Some thoughts while scanning
After a few months of procrastination, I finally commenced scanning my nearly thirty year collection of transparencies and film negatives.
Starting from “the beginning” I have had an opportunity to muse about what these pictures say to me now as I watch the slide show go by – carousel by carousel.
As a young amateur photographer I was not wise enough to actually put a date on each carousel box – but the older ones are pretty easy to spot – the lettering faded and a yellowing cast to the box gives the age away. My first carousel included picture I took during a “forced day off” due to a power failure in NYC in the late 1970’s.
A friend and I used this unscheduled holiday to wander about a deserted downtown Manhattan (this was in the days long before thousands of apartment units were constructed down there). And, as I scanned away, I knew I would find them – the photos that included the WTC towers. Since I was also downtown that fateful day in 2001 and was very lucky to survive – I was somewhat surprised at my rather casual reaction as I scanned these shots. Photographer’s detachment, perhaps?
As I moved on with the project I began to become fascinated with the street shots I had taken back in the late ‘70’s and early ‘80’s. I began to muse about what had become of the various people I’d photographed – something I can never really know.
For instance, while shooting up in Harlem I took a photo of a young girl on a “see saw” (i.e. “teeter totter” so some). She was about six years old then – today she’d be in her thirties. What became of her? Did she thrive despite the hard streets that characterized her neighborhood in those tougher times or did the "streets" take her over?
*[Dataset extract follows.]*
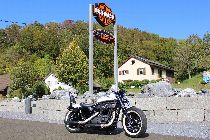 Motorrad kaufen Occasion HARLEY-DAVIDSON XL 1200 X Sportster Forty Eight ABS (custom)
And what of the two pre-teen boys who I shot playing handball – catching one with both feet off the ground. Did they succumb to the drugs and mayhem of that time – or are they doctors and businessmen now?
I also found a batch of slides I shot at the San Gennaro feast that is held annually in what was once NYC’s Little Italy (it’s now mainly and Asian-American neighborhood with a growing element of gentrification). The pretty young woman selling the zeppoles would be around fifty now. How has she aged? Too, the middle-aged fellow who was dishing out the cappauchino and espresso, if he’s still alive, is an old man now – perhaps retired to Florida or Arizona?
And then there were the three elderly “grandmas” who were sitting on their lawn chairs watching the passing crowd. Almost undoubtedly they are all dead now – or else extremely ancient. I hope it’s the latter but suspect it’s the former.
I even have a couple of shots of myself – taken by a companion at the time. And I stare in wonder at this slender young man with a full head of dark hair. His is the only “story” I still know!
I have about ten more carousels to go – and wonder if, as time gets closer to the present – will they be as fascinating as these oldest shots?
Sorry for this ramble – but I needed to share these thoughts with someone.